▸ **Required work**
Reply only with how many lines of the listing below hold the word "Design".

▸ **Input material**
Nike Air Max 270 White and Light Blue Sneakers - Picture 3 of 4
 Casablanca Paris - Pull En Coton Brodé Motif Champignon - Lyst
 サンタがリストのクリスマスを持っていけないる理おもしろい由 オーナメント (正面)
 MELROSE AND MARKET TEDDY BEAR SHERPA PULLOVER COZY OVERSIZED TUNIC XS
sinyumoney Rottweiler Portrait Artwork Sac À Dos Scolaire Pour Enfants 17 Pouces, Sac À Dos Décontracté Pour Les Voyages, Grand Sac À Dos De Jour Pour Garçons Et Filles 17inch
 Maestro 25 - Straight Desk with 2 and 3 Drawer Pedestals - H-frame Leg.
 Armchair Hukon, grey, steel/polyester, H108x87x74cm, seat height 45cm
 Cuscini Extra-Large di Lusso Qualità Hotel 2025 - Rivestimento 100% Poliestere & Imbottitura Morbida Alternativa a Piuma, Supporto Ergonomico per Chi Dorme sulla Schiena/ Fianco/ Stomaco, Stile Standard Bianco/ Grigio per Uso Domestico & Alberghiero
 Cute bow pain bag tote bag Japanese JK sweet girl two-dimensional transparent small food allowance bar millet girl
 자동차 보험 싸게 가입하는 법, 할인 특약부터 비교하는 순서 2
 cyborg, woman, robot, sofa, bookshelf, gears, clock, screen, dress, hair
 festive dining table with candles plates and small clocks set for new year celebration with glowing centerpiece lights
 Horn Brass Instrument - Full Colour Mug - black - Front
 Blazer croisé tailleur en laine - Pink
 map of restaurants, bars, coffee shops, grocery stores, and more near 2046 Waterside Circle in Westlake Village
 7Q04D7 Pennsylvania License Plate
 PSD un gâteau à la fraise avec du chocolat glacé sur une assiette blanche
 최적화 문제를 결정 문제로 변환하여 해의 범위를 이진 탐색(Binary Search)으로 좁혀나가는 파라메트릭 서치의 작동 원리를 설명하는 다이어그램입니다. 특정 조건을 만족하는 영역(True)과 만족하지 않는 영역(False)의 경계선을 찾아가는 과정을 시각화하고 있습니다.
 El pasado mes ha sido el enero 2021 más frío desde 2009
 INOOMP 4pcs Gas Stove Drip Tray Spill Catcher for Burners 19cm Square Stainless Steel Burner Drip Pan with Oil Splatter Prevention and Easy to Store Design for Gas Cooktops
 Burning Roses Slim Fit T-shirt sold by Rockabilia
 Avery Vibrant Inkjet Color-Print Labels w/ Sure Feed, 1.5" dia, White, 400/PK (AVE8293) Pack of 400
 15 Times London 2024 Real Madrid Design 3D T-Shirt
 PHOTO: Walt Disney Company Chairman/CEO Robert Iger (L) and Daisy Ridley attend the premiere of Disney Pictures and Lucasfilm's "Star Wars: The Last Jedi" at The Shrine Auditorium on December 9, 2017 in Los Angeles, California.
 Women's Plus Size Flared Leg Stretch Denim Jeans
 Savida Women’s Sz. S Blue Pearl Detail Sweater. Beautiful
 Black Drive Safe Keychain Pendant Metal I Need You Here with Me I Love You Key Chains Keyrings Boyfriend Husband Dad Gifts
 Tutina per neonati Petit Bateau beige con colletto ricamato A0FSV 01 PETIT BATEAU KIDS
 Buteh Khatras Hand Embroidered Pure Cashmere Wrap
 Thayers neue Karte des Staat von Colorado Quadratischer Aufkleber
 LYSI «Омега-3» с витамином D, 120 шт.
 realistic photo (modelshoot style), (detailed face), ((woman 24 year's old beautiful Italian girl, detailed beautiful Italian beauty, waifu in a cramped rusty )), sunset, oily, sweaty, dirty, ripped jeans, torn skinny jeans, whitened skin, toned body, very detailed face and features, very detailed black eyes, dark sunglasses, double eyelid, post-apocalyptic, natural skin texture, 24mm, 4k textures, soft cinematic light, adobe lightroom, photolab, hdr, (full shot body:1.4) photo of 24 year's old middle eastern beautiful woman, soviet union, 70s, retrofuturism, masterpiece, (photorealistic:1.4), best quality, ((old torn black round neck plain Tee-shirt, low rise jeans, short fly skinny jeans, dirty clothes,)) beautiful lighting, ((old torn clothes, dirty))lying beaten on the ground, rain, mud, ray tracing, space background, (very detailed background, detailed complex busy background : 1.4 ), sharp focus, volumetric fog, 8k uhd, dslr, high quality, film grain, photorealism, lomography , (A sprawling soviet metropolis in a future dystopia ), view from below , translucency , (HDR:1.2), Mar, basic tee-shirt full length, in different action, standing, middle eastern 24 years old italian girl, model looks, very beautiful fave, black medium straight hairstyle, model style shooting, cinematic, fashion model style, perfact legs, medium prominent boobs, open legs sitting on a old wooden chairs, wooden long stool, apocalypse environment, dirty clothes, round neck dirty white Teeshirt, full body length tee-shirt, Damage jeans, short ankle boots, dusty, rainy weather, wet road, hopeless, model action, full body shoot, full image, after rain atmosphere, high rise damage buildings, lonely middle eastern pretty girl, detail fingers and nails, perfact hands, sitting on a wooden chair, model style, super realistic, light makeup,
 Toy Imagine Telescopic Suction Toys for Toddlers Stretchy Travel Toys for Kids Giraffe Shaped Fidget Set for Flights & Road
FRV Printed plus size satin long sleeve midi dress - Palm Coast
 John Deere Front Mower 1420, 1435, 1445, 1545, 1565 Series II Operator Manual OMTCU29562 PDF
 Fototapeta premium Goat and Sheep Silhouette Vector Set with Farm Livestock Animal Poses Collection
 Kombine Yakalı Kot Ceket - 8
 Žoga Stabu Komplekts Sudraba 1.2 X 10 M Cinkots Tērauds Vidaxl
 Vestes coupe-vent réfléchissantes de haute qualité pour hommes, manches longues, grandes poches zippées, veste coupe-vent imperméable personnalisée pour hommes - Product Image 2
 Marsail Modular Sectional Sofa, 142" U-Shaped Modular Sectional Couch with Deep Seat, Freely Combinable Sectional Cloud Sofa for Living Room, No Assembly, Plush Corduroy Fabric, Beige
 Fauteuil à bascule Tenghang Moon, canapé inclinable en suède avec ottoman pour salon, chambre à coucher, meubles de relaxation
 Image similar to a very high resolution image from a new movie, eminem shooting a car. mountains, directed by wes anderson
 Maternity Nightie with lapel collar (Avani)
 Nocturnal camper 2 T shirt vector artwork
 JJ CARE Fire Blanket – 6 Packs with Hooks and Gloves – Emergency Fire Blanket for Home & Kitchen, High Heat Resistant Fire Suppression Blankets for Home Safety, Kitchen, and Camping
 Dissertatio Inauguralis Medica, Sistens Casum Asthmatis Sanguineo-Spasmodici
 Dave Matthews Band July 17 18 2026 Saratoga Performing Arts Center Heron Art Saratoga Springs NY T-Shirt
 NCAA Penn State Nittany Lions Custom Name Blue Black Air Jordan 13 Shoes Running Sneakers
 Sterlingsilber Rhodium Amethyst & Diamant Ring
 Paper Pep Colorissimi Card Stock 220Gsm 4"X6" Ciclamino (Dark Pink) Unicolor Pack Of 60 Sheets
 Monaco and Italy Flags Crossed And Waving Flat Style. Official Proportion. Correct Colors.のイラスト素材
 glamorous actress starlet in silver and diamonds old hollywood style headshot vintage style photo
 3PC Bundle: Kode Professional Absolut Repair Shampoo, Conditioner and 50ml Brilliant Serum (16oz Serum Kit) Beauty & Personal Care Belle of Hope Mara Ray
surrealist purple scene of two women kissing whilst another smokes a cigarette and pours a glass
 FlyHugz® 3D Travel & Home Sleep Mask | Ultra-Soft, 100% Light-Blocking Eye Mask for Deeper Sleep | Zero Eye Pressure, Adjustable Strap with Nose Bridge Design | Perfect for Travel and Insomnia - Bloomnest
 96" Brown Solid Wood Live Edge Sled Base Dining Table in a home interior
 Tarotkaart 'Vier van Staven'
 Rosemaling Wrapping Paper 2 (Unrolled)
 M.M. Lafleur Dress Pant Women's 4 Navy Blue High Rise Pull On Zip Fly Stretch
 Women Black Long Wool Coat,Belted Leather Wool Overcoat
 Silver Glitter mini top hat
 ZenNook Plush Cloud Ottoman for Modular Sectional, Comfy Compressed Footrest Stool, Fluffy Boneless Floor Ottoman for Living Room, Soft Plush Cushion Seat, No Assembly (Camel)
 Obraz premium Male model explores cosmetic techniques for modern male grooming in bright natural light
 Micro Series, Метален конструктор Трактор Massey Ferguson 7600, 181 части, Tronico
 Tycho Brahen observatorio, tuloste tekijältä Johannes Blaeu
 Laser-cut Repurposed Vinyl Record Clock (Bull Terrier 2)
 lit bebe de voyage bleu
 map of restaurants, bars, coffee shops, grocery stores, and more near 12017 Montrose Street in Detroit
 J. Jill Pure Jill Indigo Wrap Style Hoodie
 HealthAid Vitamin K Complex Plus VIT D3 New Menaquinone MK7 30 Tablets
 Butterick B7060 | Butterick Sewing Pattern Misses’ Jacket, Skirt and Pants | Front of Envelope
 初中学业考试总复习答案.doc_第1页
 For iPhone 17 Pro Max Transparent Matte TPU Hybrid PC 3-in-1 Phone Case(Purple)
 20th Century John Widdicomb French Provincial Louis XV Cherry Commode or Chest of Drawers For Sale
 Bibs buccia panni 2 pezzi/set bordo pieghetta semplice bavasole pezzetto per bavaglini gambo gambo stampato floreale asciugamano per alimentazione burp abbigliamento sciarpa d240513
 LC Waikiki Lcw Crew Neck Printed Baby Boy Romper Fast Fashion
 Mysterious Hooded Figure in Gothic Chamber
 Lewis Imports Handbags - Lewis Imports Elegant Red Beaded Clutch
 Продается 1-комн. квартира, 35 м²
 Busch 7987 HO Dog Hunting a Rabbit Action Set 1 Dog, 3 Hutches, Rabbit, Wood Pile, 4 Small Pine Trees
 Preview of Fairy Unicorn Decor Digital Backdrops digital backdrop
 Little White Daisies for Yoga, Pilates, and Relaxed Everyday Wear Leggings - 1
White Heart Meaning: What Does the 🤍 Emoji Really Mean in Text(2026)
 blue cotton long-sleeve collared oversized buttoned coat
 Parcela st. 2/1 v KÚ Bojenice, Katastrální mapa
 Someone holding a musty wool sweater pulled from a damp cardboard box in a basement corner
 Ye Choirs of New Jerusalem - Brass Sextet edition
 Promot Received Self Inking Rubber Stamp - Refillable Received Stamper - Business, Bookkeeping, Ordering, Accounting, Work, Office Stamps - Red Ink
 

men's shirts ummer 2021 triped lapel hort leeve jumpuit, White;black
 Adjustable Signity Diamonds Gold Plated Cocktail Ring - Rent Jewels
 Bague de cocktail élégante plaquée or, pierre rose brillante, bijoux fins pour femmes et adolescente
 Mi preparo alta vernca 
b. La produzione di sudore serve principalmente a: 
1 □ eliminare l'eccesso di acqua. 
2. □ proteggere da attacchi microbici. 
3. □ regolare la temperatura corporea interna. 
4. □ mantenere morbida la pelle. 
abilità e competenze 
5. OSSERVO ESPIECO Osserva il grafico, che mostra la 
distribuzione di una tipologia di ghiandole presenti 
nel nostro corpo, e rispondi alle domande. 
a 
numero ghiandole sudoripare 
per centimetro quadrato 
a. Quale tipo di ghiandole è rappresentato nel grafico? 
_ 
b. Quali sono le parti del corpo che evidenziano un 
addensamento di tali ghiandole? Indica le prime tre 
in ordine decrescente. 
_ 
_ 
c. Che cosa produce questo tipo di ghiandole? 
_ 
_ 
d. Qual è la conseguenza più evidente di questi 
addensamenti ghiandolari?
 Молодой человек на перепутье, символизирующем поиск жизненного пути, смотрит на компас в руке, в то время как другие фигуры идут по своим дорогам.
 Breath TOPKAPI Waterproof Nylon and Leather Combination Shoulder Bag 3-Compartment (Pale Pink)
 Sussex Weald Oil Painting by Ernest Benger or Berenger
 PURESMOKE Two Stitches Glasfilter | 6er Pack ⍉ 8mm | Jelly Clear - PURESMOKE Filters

▸ **Answer to this problem**
3